Provided material:
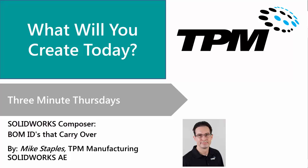Welcome to TPM's 3 Minute Thursdays. Today I'm going to show you how in SolidWorks Composer we can assign BOM IDs so that they carry over for your entire project.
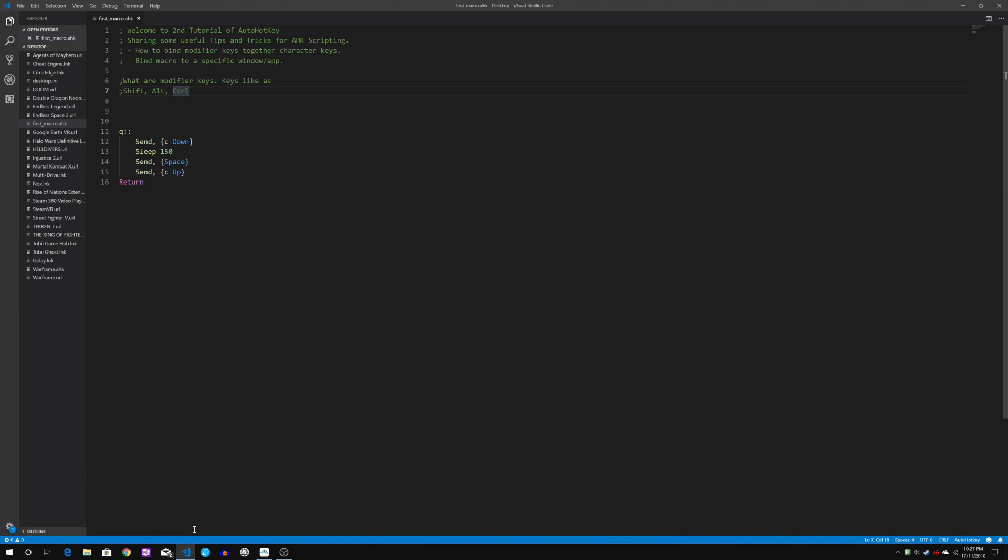Firstly, I will touch on how to bind modifier keys together with character keys to create much more variety out of it. The second one I will be binding the entire macro script into a specific window or app.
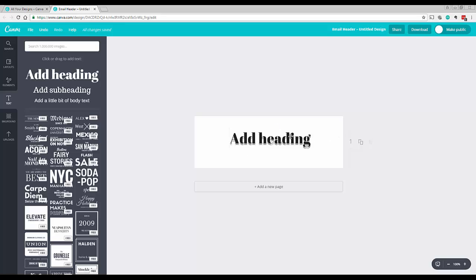So here you can see we've just added some text shadow, just quickly, probably within like 30 seconds. So that's how you add some text shadow using Canva.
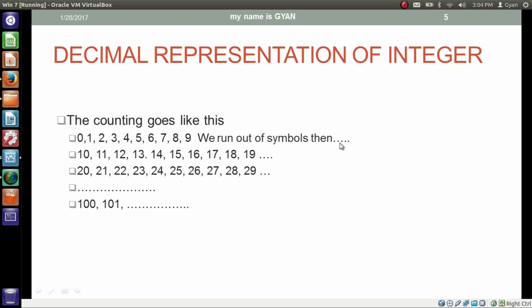Then we start counting in two digits: 10, 11, 12, 13, 14, 15, 16, 17, 18, 19. Then we start the two-digit numbers with 2: 20, 21, 22, 23, 24, and so on. When our counting comes to 99, we must shift to three-digit counting and start from 100, 101, 102, and so on. What I am telling you about the decimal number system is very obvious, but this will help you understand other number systems.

Task instructions:
The reply should hold exactly the lines above, starting at the line with "Firstly, I will" and ending at the line with "So here you", and no pictures.

The completed task:
Firstly, I will touch on how to bind modifier keys together with character keys to create much more variety out of it. The second one I will be binding the entire macro script into a specific window or app.
So here you can see we've just added some text shadow, just quickly, probably within like 30 seconds. So that's how you add some text shadow using Canva.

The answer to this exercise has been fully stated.